§ **Task to complete**
Pictures stay out of the copy; output exactly the lines from the one containing "Long Wavy V" through the end of the material.

§ **Given information**
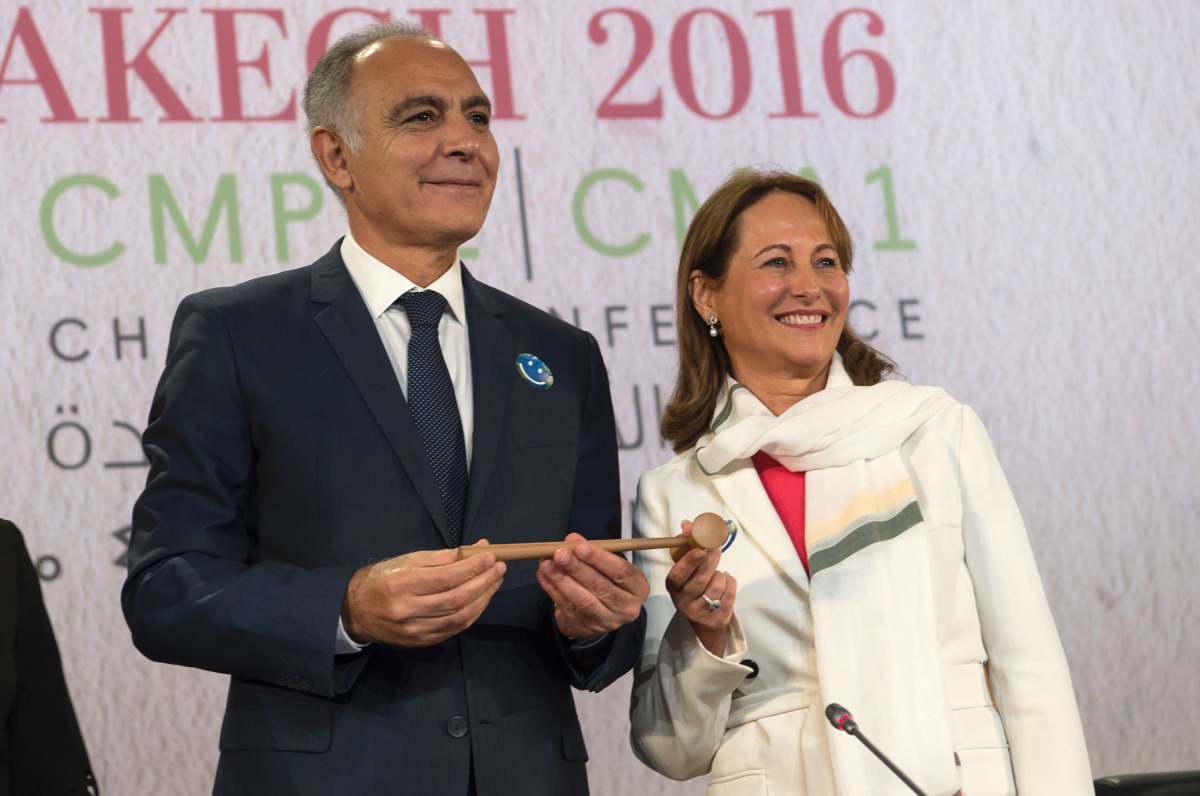 French Environment Minister Segolene Royal and COP22 president Salaheddine Mezouar attend the opening session of the COP22 climate talks in Marrakesh on November 7, 2016. UN talks to implement the landmark Paris climate pact opened in Marrakesh, buoyed by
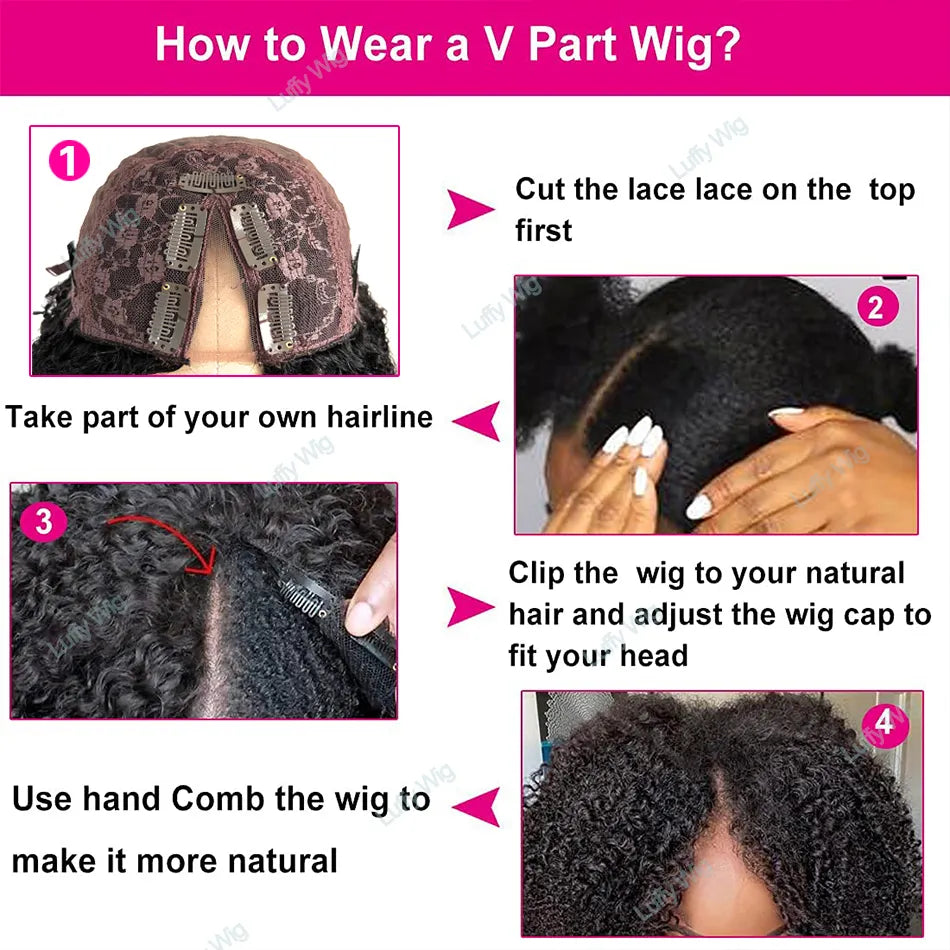 Long Wavy V Part Wig Human Hair Brazilian Remy Hair VPart Wigs No Leave Out Glueless 180Density U Shape For Black Women Luffywig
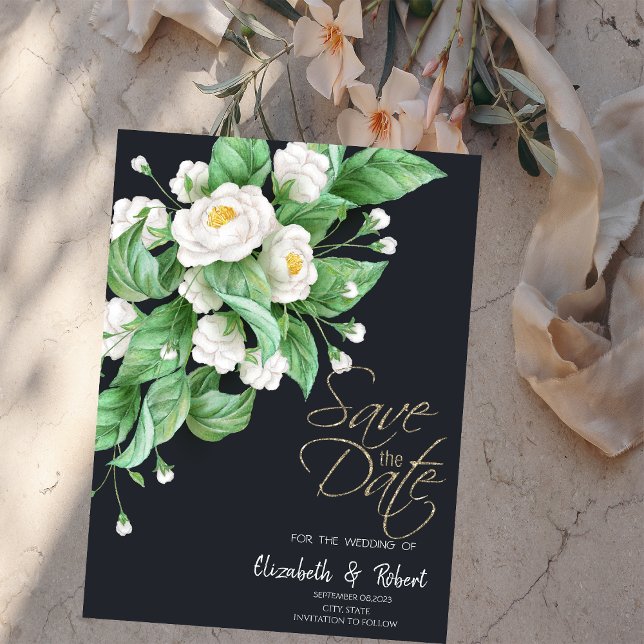 Save The Date Fleurs blanches Sauvegarder la date (Créateur téléchargé)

§ **Task result**
 Long Wavy V Part Wig Human Hair Brazilian Remy Hair VPart Wigs No Leave Out Glueless 180Density U Shape For Black Women Luffywig
 Save The Date Fleurs blanches Sauvegarder la date (Créateur téléchargé)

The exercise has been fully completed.